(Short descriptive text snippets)
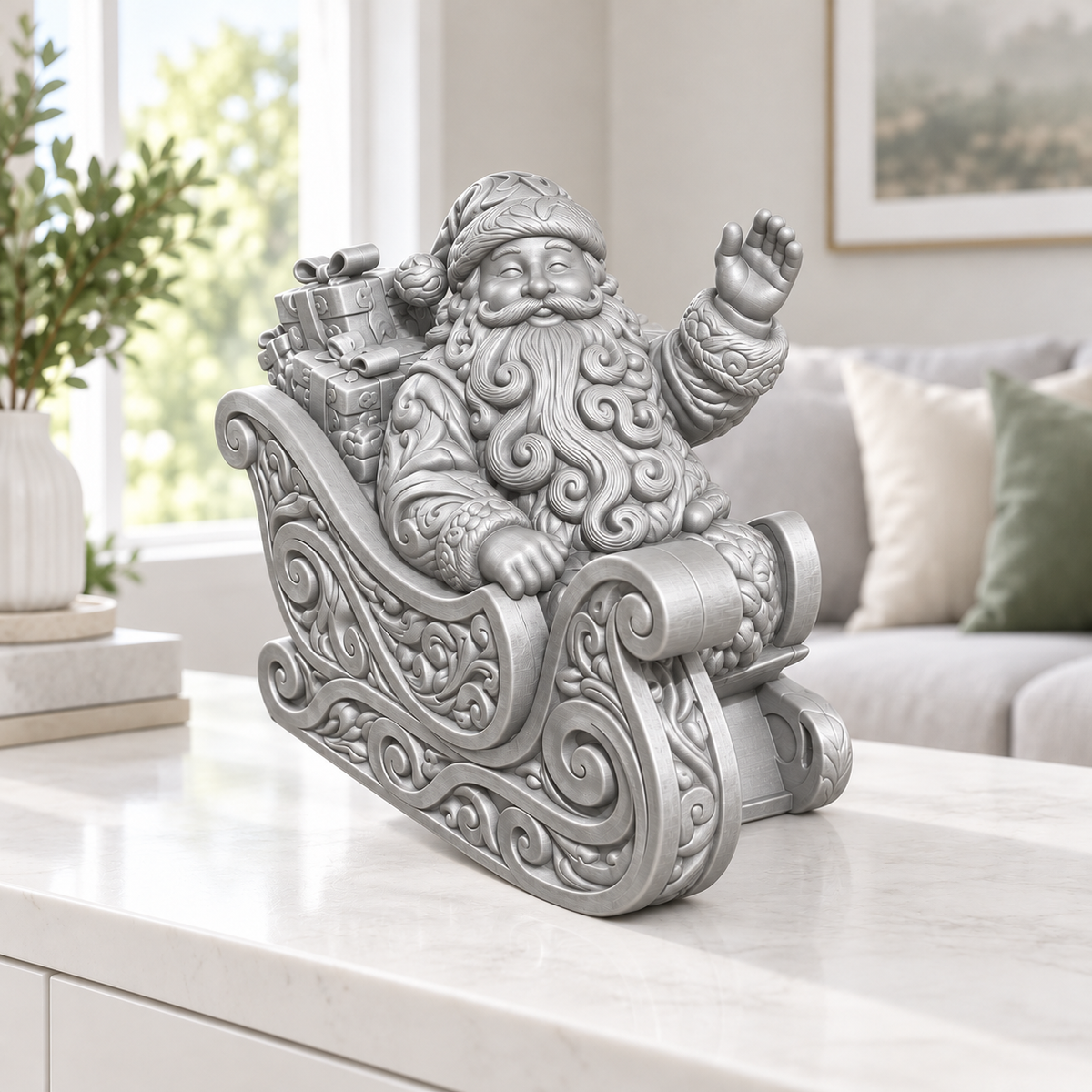 Santa im Schlitten Ornament - Silber gedruckt Wohnzimmer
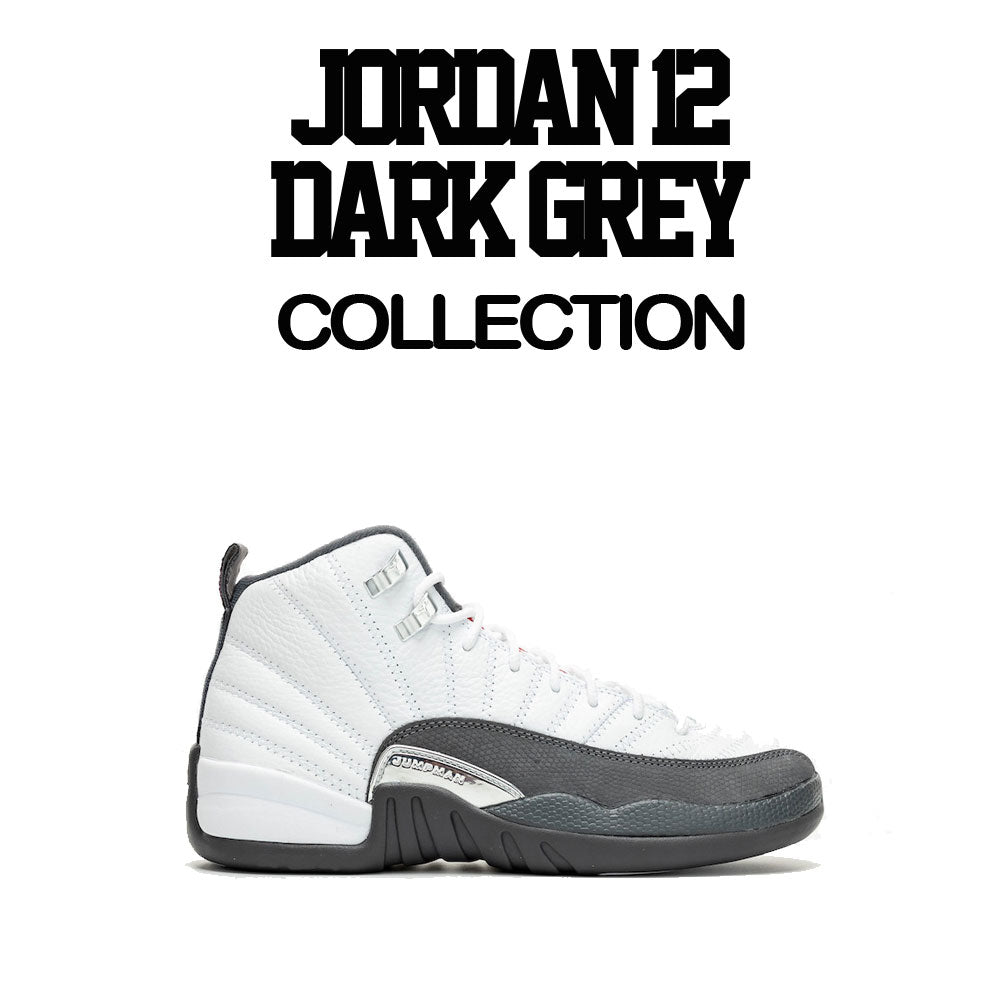 Jordan 12 dark greyshirts and clothing match retro 12s grey shoes. 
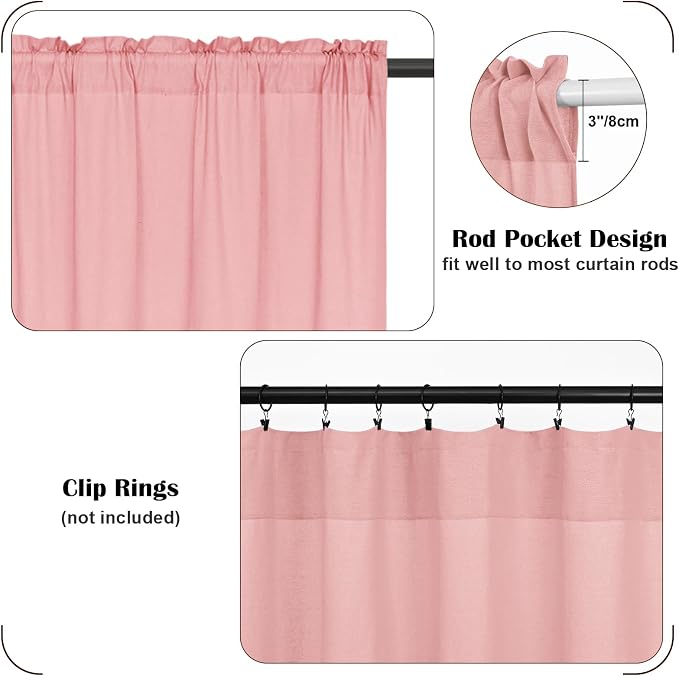 FRAMICS Farmhouse Cotton Linen Curtains - Image 5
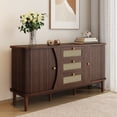 thumbnail image 3 of Noble House Rattan Sideboard Dresser, Sliding Door Cabinet with Adjustable Shelves & Rounded Top,Storage Cabinet,Walnut Wood, 3 of 9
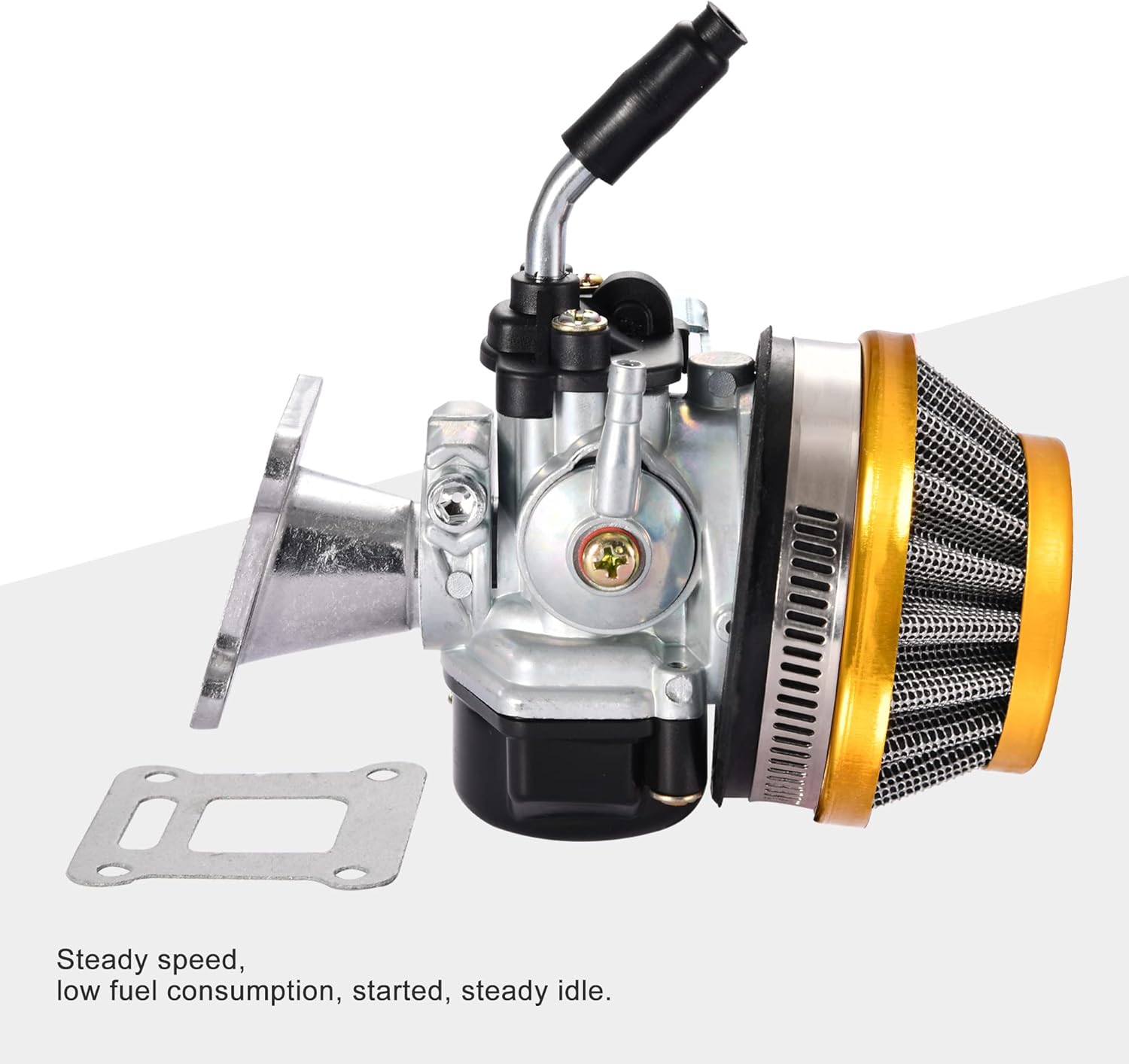 GOOFIT 44mm Cylinder Carburetor Air Filter Ignition Coil Set Big Bore 53cc 54cc Top Kit of Piston for 47cc 49cc 2-Stroke Engine Pocket Bike Atv Quad Motocyle Yellow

# [TASK DESCRIPTION]
Write out the records shown above exactly, but do not include any images.

# [RESULT OF THIS TASK]
 Santa im Schlitten Ornament - Silber gedruckt Wohnzimmer
 Jordan 12 dark greyshirts and clothing match retro 12s grey shoes. 
 FRAMICS Farmhouse Cotton Linen Curtains - Image 5
 thumbnail image 3 of Noble House Rattan Sideboard Dresser, Sliding Door Cabinet with Adjustable Shelves & Rounded Top,Storage Cabinet,Walnut Wood, 3 of 9
 GOOFIT 44mm Cylinder Carburetor Air Filter Ignition Coil Set Big Bore 53cc 54cc Top Kit of Piston for 47cc 49cc 2-Stroke Engine Pocket Bike Atv Quad Motocyle Yellow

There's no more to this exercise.